[Pacemaker] Extracting resource state information from the XML

Thu Aug 11 13:08:13 UTC 2011

On 11/08/11 21:51, pskrap wrote:
>
> Hi,
>
> I have a setup with tens of resources over several nodes. The interface that is
> used to administer the system has a page showing all resources, their state and
> which node they are running on.
>
> I can get the information of one resource using 'crm_resource -W -r<rsc>' but
> running this command over and over again for that many resources is far to slow
> for my needs. The crm_mon produced web page is not enough as I need it in a
> customized format. I figured the best way to do this efficiently is to query the
> XML using cibadmin -Q, parse it and get the state of all resources from there in
> one go.
>
> Unfortunately I am not familiar with the status part of the XML. Is anyone able
> to tell me how i can find the following information in the XML:
>
> - resource state (running, stopped, failed)
> - which node the resource is currently running on

You probably want to read "Chapter 12. Status - Here be dragons" of 
Pacemaker Explained:

http://www.clusterlabs.org/doc/en-US/Pacemaker/1.1/html/Pacemaker_Explained/ch-status.html

In particular, the Complex Resource History Example:

http://www.clusterlabs.org/doc/en-US/Pacemaker/1.1/html/Pacemaker_Explained/ch12s03s02.html

Very roughly speaking, for each node_state, you have to look at each 
lrm_resource_op for each lrm_resource, and based on the specific op 
(start, stop, monitor, promote, demote, etc.) and its return code, you 
determine the state of the resource on that node.  e.g.: if the last op 
was a successful (rc=0) start, or a successful monitor, the resource is 
running on that node.

If you're in a hurry, you might find it less painful to parse the output 
of something like "crm_mon -o -1" or "crm_mon -n -1".

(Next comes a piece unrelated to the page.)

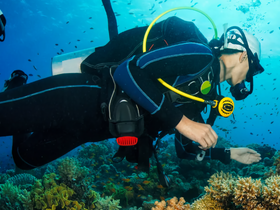 A diver explores vibrant coral reefs while observing marine life, showcasing the beauty of underwater adventures.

Or, if you'd like to examine some hairy Ruby code for interpreting the 
CIB status section, have a look at:

http://hg.clusterlabs.org/pacemaker/hawk/file/tip/hawk/app/models/cib.rb#l300

Note though that this looks at all the ops, to record a list of what's 
failed (it's a loose transliteration of Pacemaker's C code that does the 
same thing).  If you only care about state, you probably only care about 
the *last* op.

I should also take the opportunity to plug Hawk, if you need a web based 
thing for managing Pacemaker clusters:

http://www.clusterlabs.org/wiki/Hawk

HTH,

Tim
-- 
Tim Serong
Senior Clustering Engineer
SUSE
tserong at suse.com